The list also includes bondage, humiliation and “role-playing as non-adults”.  As in the above-referenced manga case, even pretended depictions of taboo acts are taboo, despite the fact that pretended depictions of far more serious acts (like murder or mayhem) are allowed on ordinary television.  For now, the Vice article assures us, “the new law only covers content produced in the UK, meaning that viewers…can still…view as much [international] fisting, strangulation and urination as they like…”  However, given the expansion of the internet “filtering” parameters, do you honestly believe it will stay that way for long?  Erotic Review certainly doesn’t:

…British authorities are gearing up for an all-out war with online porn.  Sources tell me plans are afoot to start blocking British access to foreign so-called tube sites, which host porn videos, regardless of where they are based or whether the scenes they show are legal.  The attack on TV-like services is just the latest stage in a war which could severely restrict people’s access to porn…
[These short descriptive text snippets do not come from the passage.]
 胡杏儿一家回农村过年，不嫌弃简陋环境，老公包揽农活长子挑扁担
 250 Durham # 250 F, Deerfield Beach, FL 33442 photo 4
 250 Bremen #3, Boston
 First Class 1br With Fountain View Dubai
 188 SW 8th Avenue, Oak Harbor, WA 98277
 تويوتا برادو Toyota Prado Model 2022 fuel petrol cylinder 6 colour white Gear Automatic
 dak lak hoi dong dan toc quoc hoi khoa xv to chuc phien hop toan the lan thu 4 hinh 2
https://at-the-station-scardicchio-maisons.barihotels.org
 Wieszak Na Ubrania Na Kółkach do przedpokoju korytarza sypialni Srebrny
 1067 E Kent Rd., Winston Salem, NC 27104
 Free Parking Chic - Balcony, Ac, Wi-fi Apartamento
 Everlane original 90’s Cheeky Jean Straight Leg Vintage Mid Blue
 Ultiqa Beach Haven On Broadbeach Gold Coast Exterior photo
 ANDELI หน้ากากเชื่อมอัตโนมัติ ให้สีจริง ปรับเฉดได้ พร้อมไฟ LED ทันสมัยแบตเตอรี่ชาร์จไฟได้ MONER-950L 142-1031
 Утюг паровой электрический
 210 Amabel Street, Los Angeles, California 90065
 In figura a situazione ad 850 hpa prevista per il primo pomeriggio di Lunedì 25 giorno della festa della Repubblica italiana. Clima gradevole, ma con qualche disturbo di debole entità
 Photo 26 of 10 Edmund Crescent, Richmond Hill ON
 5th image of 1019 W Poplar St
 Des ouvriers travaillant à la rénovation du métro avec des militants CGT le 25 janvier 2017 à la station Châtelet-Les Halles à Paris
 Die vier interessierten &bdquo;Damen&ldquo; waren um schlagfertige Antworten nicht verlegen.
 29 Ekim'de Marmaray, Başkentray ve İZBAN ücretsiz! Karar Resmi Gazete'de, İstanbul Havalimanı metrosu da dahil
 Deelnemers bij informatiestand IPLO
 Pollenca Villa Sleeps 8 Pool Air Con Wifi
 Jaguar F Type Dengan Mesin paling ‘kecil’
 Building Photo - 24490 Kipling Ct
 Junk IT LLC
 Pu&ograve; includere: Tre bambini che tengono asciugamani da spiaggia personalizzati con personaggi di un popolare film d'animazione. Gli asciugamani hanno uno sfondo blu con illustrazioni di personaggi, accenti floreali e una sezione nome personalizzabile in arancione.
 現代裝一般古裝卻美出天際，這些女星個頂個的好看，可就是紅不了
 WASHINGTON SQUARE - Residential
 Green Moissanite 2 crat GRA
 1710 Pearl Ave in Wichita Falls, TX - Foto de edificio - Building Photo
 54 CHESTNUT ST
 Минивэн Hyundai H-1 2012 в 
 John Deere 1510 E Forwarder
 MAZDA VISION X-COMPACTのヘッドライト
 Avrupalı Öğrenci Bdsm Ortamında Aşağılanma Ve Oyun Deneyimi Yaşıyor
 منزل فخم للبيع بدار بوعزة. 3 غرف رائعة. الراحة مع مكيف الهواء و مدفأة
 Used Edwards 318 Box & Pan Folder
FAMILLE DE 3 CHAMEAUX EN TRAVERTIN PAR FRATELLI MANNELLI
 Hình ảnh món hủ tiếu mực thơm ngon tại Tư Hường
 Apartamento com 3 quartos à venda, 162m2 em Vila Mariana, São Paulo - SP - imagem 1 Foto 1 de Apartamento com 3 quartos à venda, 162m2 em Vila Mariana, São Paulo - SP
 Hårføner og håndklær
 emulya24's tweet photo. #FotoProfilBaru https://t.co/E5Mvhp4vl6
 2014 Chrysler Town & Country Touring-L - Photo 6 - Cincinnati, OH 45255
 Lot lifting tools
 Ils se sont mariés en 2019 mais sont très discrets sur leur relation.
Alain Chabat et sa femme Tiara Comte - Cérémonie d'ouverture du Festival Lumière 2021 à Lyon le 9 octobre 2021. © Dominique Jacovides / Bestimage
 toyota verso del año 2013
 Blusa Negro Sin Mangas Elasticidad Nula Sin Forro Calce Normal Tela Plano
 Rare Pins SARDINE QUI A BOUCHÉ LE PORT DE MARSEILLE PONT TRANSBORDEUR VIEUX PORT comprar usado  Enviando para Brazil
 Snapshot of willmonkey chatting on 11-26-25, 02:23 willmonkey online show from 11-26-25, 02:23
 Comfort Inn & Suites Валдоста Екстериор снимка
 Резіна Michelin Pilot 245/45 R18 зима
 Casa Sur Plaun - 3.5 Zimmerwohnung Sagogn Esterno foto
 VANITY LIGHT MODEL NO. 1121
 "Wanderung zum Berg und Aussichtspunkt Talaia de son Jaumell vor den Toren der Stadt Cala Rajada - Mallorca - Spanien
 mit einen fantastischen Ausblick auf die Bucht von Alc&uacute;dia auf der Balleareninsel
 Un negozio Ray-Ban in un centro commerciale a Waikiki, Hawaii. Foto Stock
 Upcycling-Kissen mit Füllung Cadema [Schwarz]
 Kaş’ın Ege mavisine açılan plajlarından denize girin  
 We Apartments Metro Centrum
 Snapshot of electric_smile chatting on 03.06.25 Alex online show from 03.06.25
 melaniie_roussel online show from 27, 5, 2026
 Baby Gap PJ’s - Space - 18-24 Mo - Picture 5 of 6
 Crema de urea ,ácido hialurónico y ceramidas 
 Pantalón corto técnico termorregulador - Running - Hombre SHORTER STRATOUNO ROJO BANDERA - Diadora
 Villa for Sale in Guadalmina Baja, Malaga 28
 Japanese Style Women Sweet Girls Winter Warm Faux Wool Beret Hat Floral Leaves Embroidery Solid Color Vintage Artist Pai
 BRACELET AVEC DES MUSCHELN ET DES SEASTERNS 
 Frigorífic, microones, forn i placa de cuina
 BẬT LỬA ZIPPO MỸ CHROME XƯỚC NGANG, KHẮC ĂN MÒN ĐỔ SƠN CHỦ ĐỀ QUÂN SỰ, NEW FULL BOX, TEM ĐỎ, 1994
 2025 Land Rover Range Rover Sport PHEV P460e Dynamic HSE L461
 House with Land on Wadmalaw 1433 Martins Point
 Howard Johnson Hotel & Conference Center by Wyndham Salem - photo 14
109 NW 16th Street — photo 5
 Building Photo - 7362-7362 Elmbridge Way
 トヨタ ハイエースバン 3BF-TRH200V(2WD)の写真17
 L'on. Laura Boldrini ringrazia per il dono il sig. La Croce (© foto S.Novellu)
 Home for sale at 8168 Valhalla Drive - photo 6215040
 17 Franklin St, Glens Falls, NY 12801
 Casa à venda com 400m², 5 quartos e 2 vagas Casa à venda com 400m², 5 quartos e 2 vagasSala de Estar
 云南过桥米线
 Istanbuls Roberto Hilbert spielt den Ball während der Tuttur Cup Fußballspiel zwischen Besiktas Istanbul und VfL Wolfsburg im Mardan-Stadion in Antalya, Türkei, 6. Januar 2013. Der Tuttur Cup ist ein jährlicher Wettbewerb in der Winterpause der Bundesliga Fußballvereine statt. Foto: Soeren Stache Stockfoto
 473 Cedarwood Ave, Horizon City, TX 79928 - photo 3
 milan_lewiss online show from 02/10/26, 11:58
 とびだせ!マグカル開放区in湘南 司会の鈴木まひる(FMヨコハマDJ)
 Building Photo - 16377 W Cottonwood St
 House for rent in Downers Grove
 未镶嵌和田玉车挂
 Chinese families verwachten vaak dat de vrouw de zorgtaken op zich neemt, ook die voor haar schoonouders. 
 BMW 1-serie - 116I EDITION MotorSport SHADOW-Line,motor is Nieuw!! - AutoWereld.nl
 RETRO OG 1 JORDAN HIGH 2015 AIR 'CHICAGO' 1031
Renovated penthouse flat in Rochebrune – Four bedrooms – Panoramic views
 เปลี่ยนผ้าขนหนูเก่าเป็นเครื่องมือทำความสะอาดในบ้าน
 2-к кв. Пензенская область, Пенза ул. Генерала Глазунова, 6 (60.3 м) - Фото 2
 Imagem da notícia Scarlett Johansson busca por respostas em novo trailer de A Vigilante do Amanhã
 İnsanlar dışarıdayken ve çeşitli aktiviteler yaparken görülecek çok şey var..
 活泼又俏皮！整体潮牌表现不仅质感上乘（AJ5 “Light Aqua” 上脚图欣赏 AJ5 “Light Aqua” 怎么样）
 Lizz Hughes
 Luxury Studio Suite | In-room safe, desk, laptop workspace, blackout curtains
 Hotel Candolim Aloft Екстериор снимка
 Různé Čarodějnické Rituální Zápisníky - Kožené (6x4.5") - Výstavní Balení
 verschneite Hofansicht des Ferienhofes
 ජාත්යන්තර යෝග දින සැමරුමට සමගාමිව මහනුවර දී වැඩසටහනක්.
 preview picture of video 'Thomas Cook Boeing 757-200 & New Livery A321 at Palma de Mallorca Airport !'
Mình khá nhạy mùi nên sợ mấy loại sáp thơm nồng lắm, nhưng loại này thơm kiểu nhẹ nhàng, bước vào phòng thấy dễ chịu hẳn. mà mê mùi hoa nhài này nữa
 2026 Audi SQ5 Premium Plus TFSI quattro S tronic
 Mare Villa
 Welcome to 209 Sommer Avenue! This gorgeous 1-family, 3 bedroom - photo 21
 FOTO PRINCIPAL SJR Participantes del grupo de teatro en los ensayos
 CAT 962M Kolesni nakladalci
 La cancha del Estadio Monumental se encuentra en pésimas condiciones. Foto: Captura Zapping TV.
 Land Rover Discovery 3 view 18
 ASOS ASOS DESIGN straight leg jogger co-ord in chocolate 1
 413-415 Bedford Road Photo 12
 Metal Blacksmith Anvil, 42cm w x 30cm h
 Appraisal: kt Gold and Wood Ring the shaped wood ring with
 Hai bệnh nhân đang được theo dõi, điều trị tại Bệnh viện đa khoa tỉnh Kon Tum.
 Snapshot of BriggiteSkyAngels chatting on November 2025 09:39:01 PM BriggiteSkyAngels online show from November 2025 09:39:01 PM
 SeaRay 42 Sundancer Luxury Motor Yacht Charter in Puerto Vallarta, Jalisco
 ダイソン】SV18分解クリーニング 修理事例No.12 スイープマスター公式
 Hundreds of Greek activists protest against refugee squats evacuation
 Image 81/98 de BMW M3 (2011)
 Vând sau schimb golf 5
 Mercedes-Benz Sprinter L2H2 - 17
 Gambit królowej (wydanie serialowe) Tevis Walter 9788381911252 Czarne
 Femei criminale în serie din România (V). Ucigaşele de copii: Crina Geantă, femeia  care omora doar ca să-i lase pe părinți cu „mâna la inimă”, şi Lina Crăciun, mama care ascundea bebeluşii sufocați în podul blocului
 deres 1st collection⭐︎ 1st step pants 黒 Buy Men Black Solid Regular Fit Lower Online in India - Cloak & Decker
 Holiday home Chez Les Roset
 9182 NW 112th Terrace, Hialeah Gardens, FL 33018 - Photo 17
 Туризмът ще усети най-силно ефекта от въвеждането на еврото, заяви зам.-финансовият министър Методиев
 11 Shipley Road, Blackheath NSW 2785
SexcrimeOne detail of the new censorship regime which is being treated almost as a joke provides another clue to where this is actually headed:  “the publicly funded regulator, the Authority for Television on Demand (ATVOD), will have to pay someone to watch porn and enforce the new regulations…at a cost of £36,000 [per year]…”  You know who else pays censors to watch porn so the people can’t?  China.  The Great Firewall of Britain is well on the way, and once it’s discovered that merely blocking adult content fails to achieve the desired effect, the next level of tyranny is criminal charges accompanied by “sex offender” registration (a combination already used for the most-vilified forms of porn).  As I pointed out in “Welcome To the Future”, the dystopia is already here; all that remains to be seen is how heavy a yoke the subjects will accept before they finally attempt to throw it off.